Nicolas Chevassus-au-Louis propose, en remède partiel à son constat lucide et déprimant, de « ralentir la science », en la désindividualisant (en récompensant autant le labo que les chercheurs individuels), en la communalisant, en renonçant à l’impact factor et à l’envahissement de la bibliométrie. Mais c’est, je le crains, un peu comme espérer que Pierre et Marie Curie pourront rester dans leur petit laboratoire du cinquième arrondissement une fois que Monsieur Schutz aura obtenu ses palmes (dans le film du même nom). La Troisième République des sciences a à peu près autant disparu que celle des Lettres.

C’est d’ailleurs une question qu’on peut aussi se poser en refermant cet excellent livre : que dire du monde des lettres et des sciences humaines ? Si l’on suit le principe selon lequel plus une science est « molle », plus elle est susceptible d’être la proie du plagiat et de la fraude, on devrait s’attendre à ce qu’un livre semblable puisse s’écrire sur la sociologie, la psychologie, l’économie, et même la littérature et la philosophie. Et de fait on a encore en tête l’affaire Maffesoli-Elisabeth Tessier, et des canulars comme celui qui mit aux prises récemment des imitateurs facétieux de la prose d’Alain Badiou dans l’International Journal of Badiou Studies , ou encore des affaires comme celles d’un vulgarisateur scientifique comme Étienne Klein pris en flagrant délit de plagiat. On trouvera sans peine des équivalents dans le domaine des lettres et des sciences sociales des cas de fraude scientifique décrits dans ce livre. Si un « grand philosophe » peut être si aisément imité et canularisé n’est-ce pas qu’il y a quelque chose de louche dans la posture du gourou ?

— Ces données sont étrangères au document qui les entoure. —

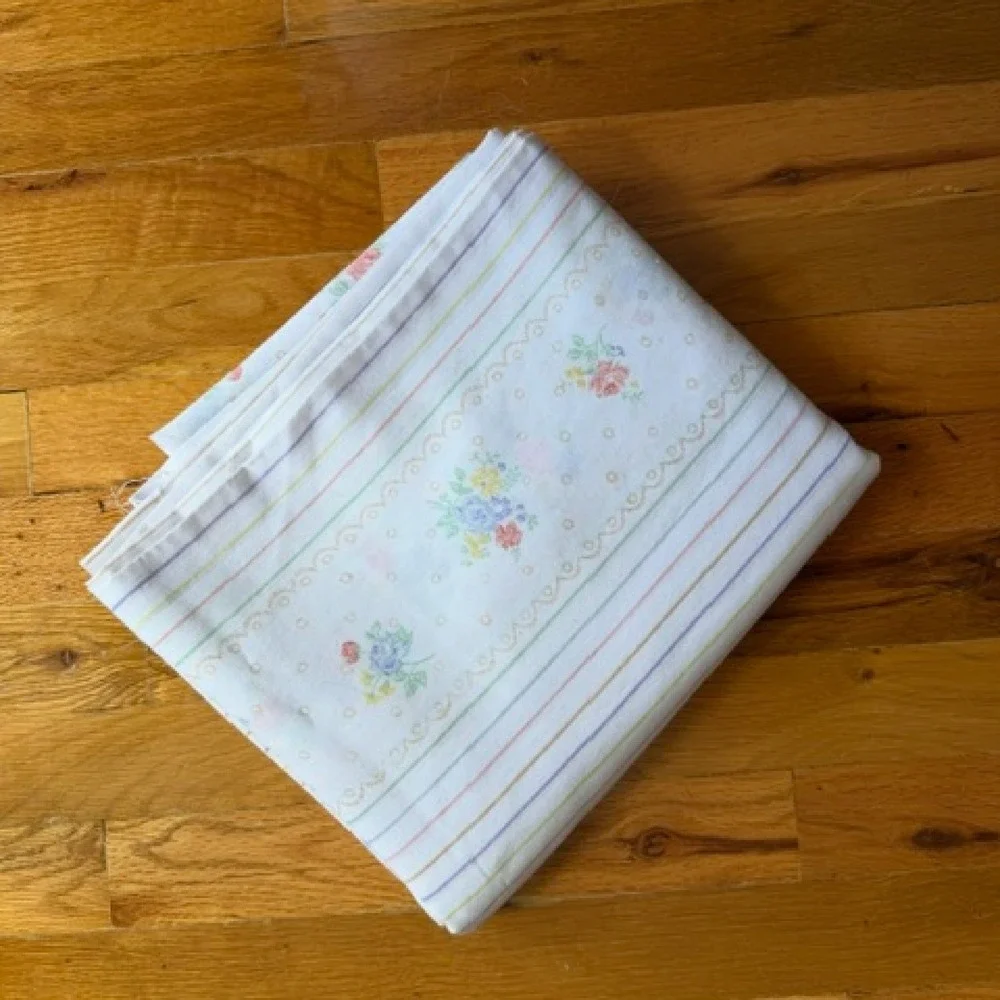 Vintage Full Size Flat sheet with pastel stripe and floral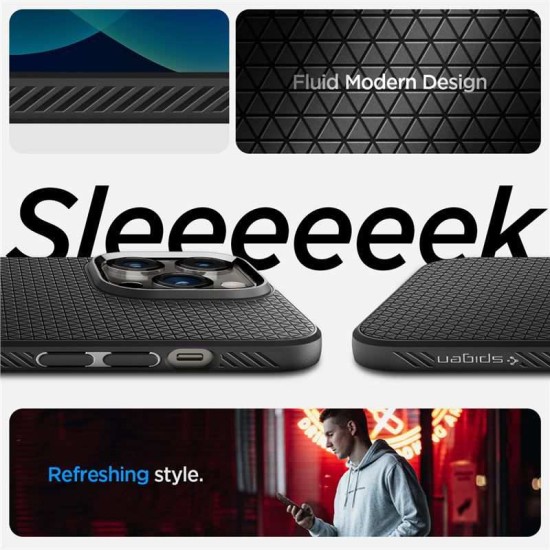Husa pentru iPhone 14 Pro, Spigen Liquid Air, Matte Black (Spigen, iPhone 14 Pro) by www.silkase.ro Husa pentru iPhone 14 Pro, Spigen Liquid Air, Matte Black (iPhone 14 Pro, ACS04957) by www.silkase.ro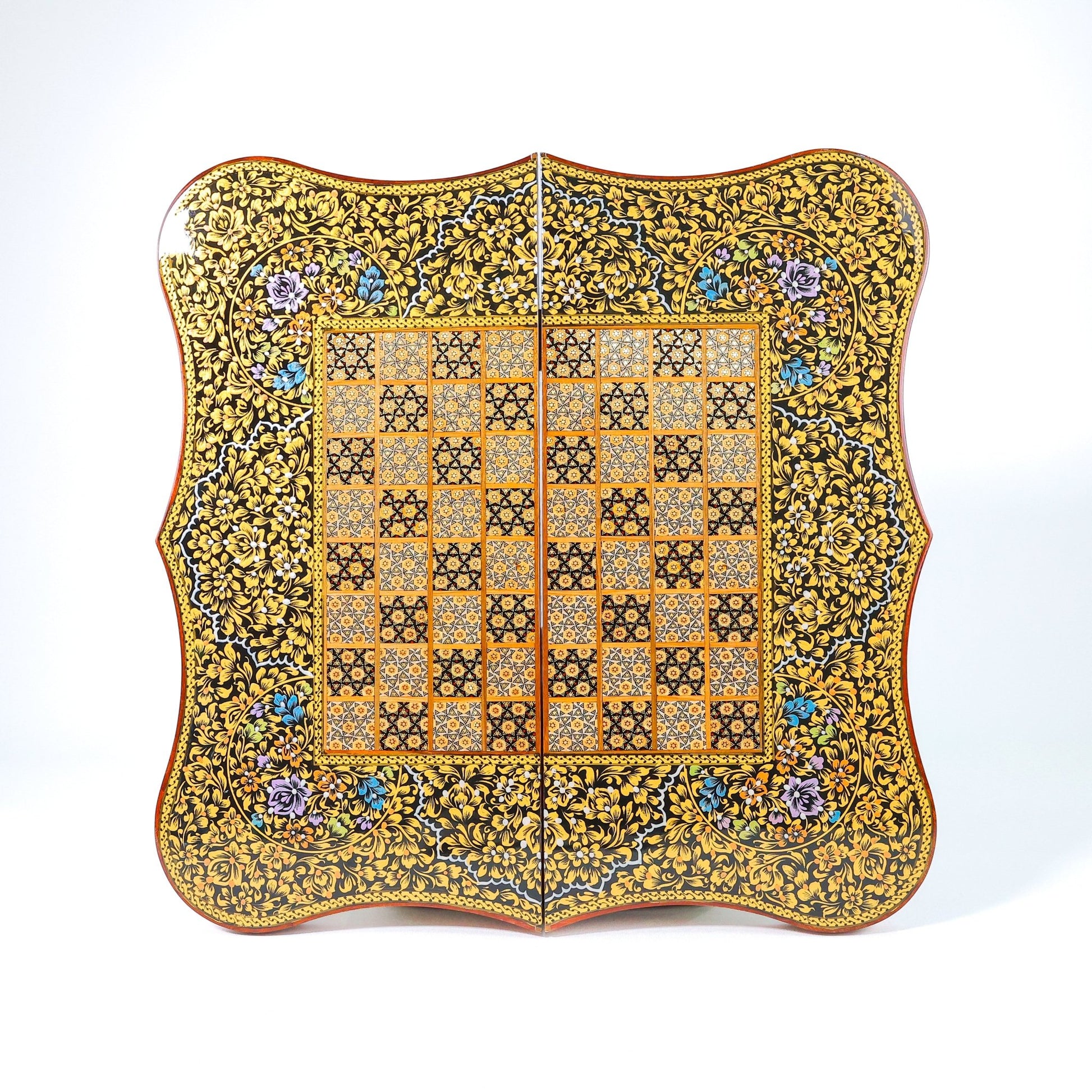 Backgammon & Chess Board – Scalloped Edge – Mother - of - Pearl Interior – Tazhib Design – Size 50 cm - Meraas Gallery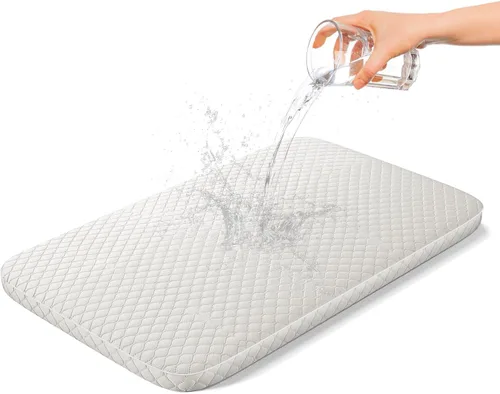 Vista 10 de Colchón de moisés para bebé compatible con Dream On Me/Fisher-Price Baby Bedside Sleeper, transpirable, espuma premium, forma ovalada con funda
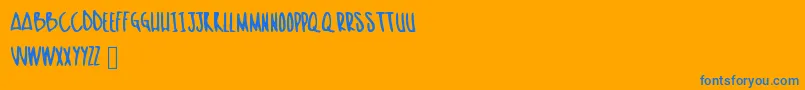 Skinish Font – Blue Fonts on Orange Background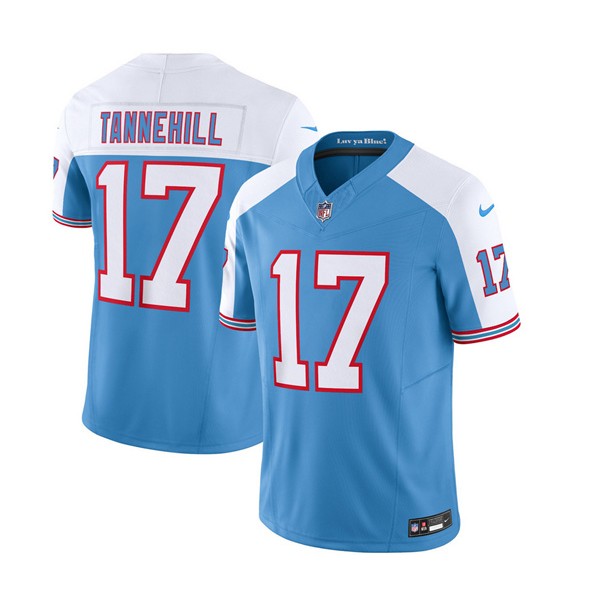 Tennessee Titans #17 Ryan Tannehill Blue White 2023 F.U.S.E. Vapor Limited Throwback Stitched Jersey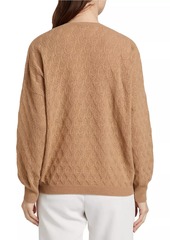 Saks Fifth Avenue COLLECTION Pointelle V-Neck Cashmere Sweater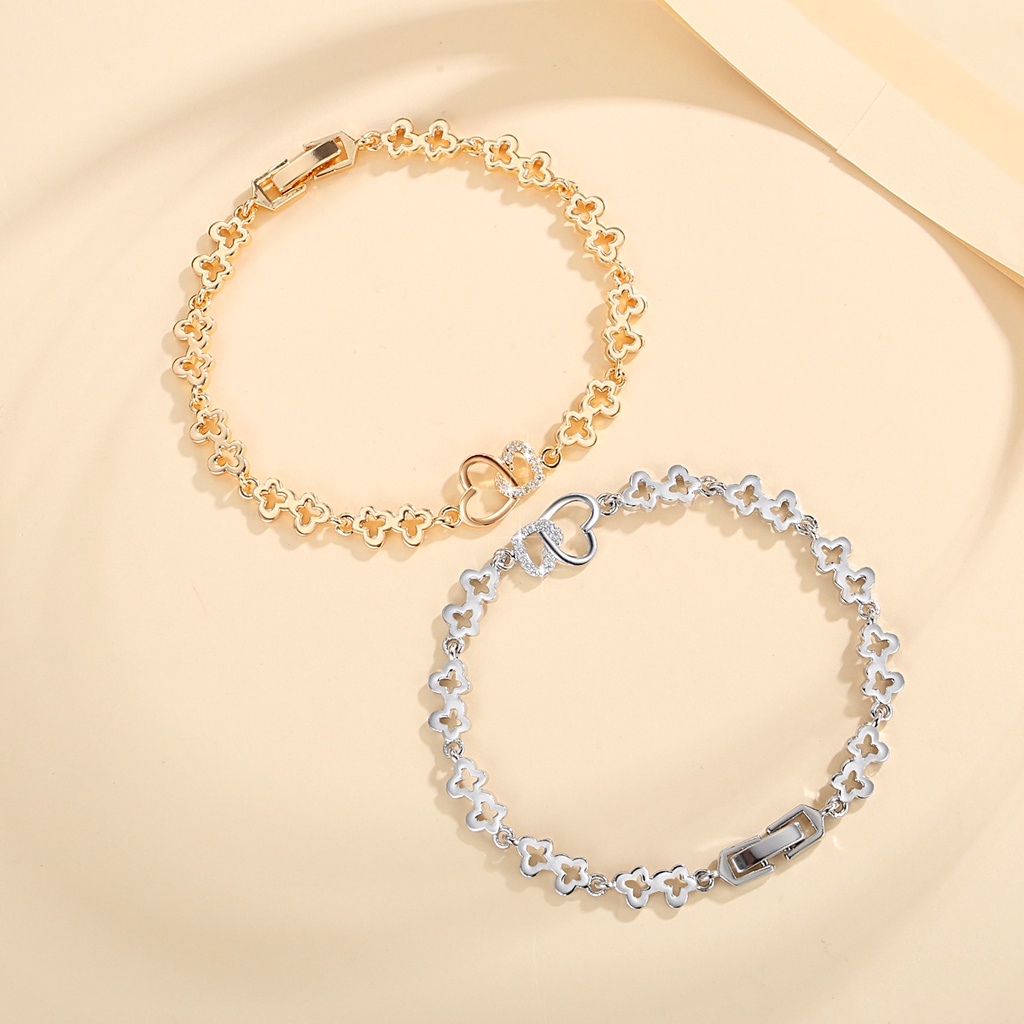 Y900 [COD✔]Gelang Heart Rantai Kupu Lapis Emas Berlian Melubangi Aksesoris Fashion Wanita Gelang Dewasa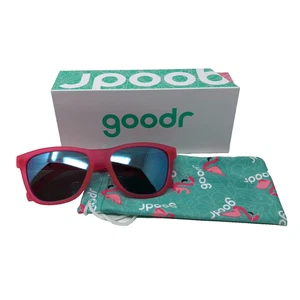 Goodr OG Flamingos On A Booze Cruise Sunglasses Pink Teal Reflective Mens Medium - Picture 1 of 11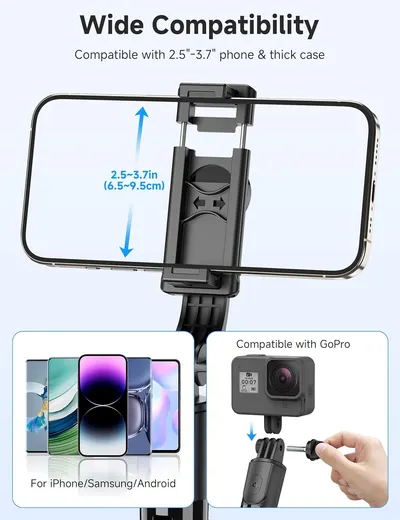 Demonstrates the product's compatibility with a wide range of phone sizes and cases, reassuring customers it will work with their device.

Le syndrome est encore plus général. Ceux qui fraudent, dans les sciences ou dans les lettres ne sont pas tant à condamner parce qu’ils ont commis des grivèleries intellectuelles (les plagiaires plaident toujours l’étourderie, et minimisent leurs fautes), voire des escroqueries passibles de poursuites pénales, mais bien plutôt parce qu’ils ont péché contre l’Esprit. Comme l’a écrit Jon Elster , il y a un obscurantisme dur dans les sciences dures, qui tient au fait que la science normale a trop confiance dans ses méthodes, et se croit toute puissante. Il y a aussi un obscurantisme mou dans les sciences molles, qui vient de ce qu’on n’y respecte pas les valeurs intellectuelles et qu’on est prêt à produire des théories fumeuses sur n’importe en quoi en toute impunité (on a rarement vu un philosophe médiatique jeté en prison pour ses bêtises). Mais on peut se demander si le premier obscurantisme n’est pas moins grave que le second. Car au moins le savant fraudeur a une idée de ce qu’est la méthode scientifique et il la respecte minimalement, même si c’est pour servir à ses propres fins, tandis que le littérateur ou le philosophe marron la méprise.